Well, my BIL *does* want that, which is why he'd pay for part the testing to be done if I promised to do my work to get papers, so they'd probably go for "just" Apache, but whatever.









So my question is, any other Chiricahua mamas out there? Are you involved in getting recognition? Where can I go to meet tribal elders (in person) if there is no reservation?

Who's in charge?


----------



## bumblecat (Mar 15, 2009)

Wow, it is great to see this post. I never usually look in this forum but just happened to and I am in a similar position and also starting research to be able to enroll in my tribe, which is Lipan Apache. My father's side is descended from one of their most notable chiefs. I know this, but now I have to prove it. I have never done any genealogical research so I am a little overwhelmed with the idea since I am in the middle of my first pregnancy and also have a lot of things I want to spend time researching in regards to that, as well as having just moved and trying to get the new home to feel like home.

Anyway, I am closer to affirming the lineage of my family than any of my relatives have gotten, that I know of. I just need to find documentation of my great-grandmother and her father's birth dates and places.
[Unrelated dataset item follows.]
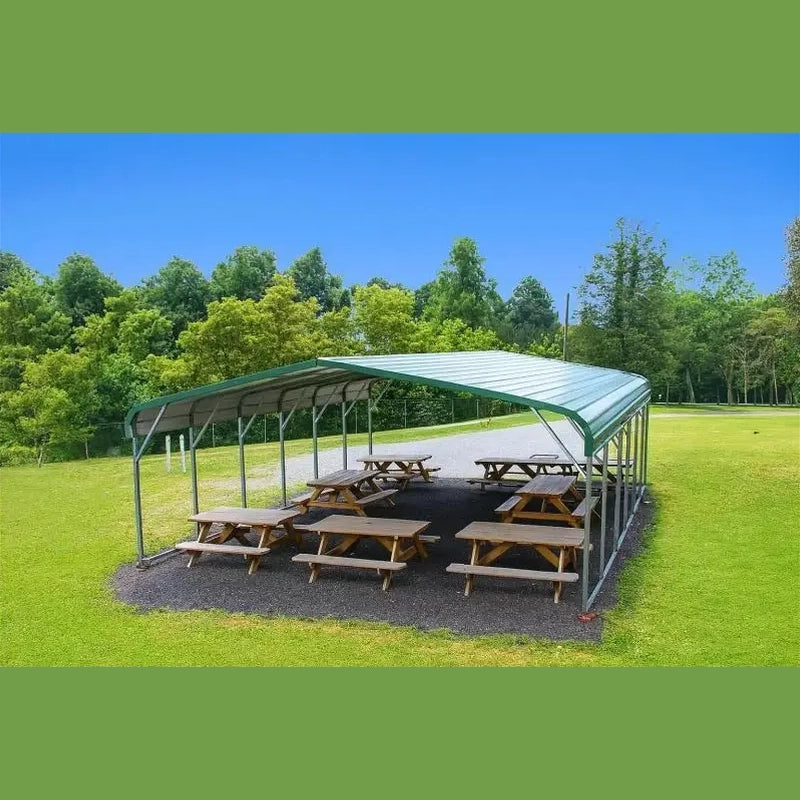 24' x 30' x 7' Three Car Regular Roof Carport Pavilion, Boat or Tractor Cover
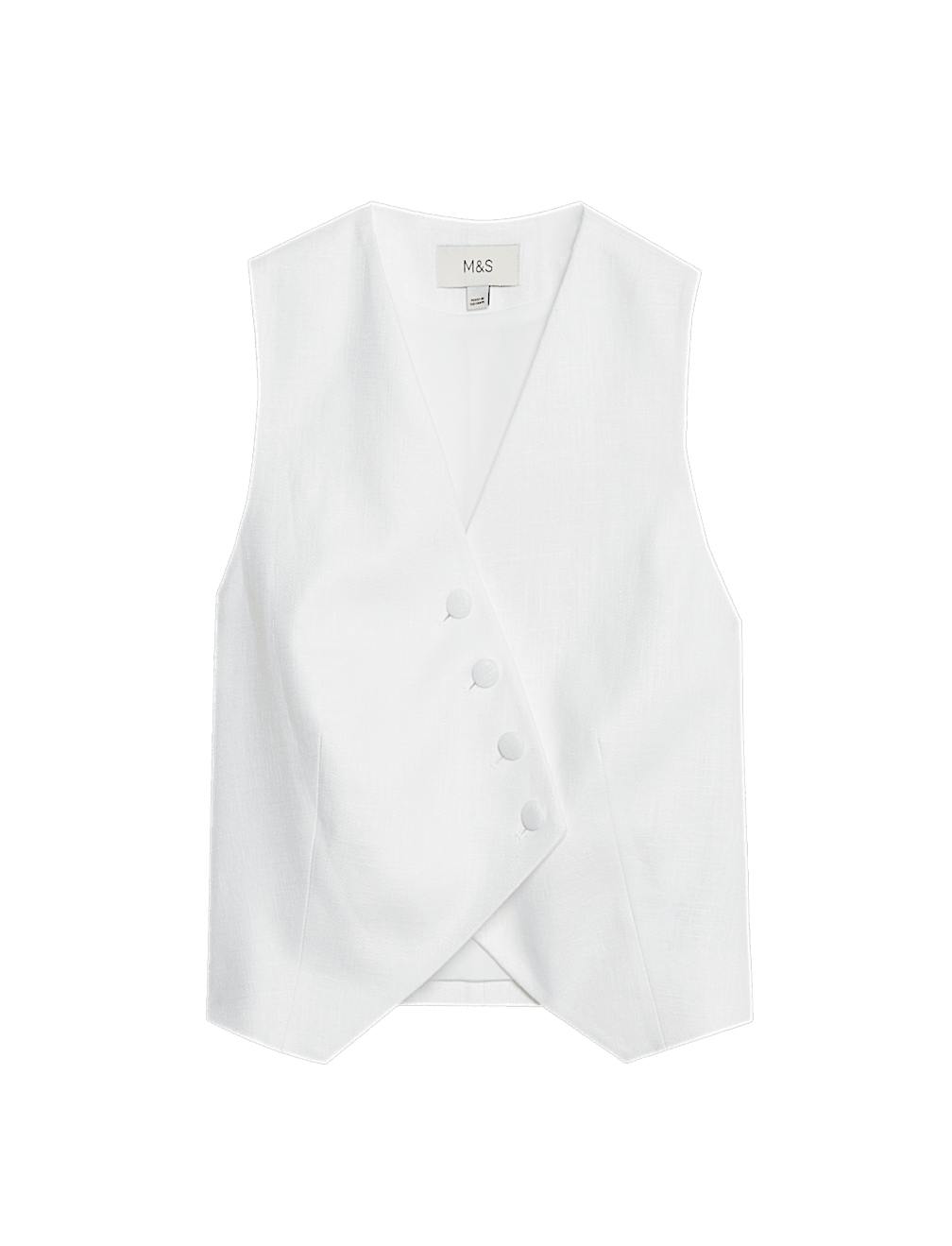 Linen Rich Twill Textured Asymmetric Waistcoat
I wrote to the tribal historian and she said it was very likely that I am descended from the same chief as their current tribal leader, just from what info I had - which was my great-grandmother's name and her father's name and approximately when they lived and where they lived.

The Lipan Apaches were federally recognized in March of this year. So recent!

It would be great to know how you go about finding info if/when you do. I plan on visiting an LDS facility soon too but I don't really know what to expect to find there.


----------



## EdnaMarie (Sep 9, 2006)

Oh wow, how cool.

Isn't it funny how it all changes when we have kids? Before it was enough to tell people, "I look like this because I probably have a little Cherokee in me." Now I want something solid to give my babies, especially the one who looks like me.

Congratulations on the recognition of your tribe! That's awesome! How exciting.

I, too, know very little about LDS facilities but I figure since all the Mormons who ever came to my house were very polite and decent people it can't _hurt_.







Everyone I know who has done serious genealogy has gone through them so it must be informative. Honestly their contribution to this nation's genealogy is remarkable. They should get some kind of award. (I guess they do, in heaven!







)

Anyway, let me know. I have a lot of work to do to get to where you are but I am going to try. The fact that the tribe has work to do really inspires me because it is about something more than me, something I can give to a community to be a part of it, so hopefully I won't just forget about it. That came off wrong. I won't forget... I mean I don't want to get distracted.


----------



## bumblecat (Mar 15, 2009)

well if your tribe has an official tribal historian or genealogist, I would suggest contacting them with any names you have of people who would have been around at the turn of the century or earlier - I started by calling up my grandparents who are fortunately still living, and asking them for their parent's and grandparent's names, which I had never known before, and asked them where they each were born and if they knew where their parents were born. I got some answers there but they don't have any papers or anything so I have to try to find something affirming the things they told me. But when I contacted the tribal historian, she actually sent me an email back with an attachment that had information about my great-great grandfather that they had found in some south texas church records. It's up to me to prove my relation to him, but it was helpful to get the info they had.

good luck! I feel like I am opening the door for a lot of people to learn about this part of their heritage since my grandmother is one of 7 children who all have children and grandchildren who do not know who they are. there are 11 of us in my generation alone just from my grandmother. I don't know any of hersiblings or their kids, but I'm sure there are quite a few!


----------



## EdnaMarie (Sep 9, 2006)

That's awesome. I will ask my aunt and grandma... soon... tonight must do dishes and get ready to go out. I am thinking I will just start asking them to fill in the blanks right on the request for certificate of degree form, whether or not I intend to send it in. Then if someone wants to, she can just take that.

There are seven in my generation, but in the next generation, there are already ten, and that's from my grandmother. From her mother, there must be at least fifty of us now.

It's great to talk to someone about this... thanks a lot.


----------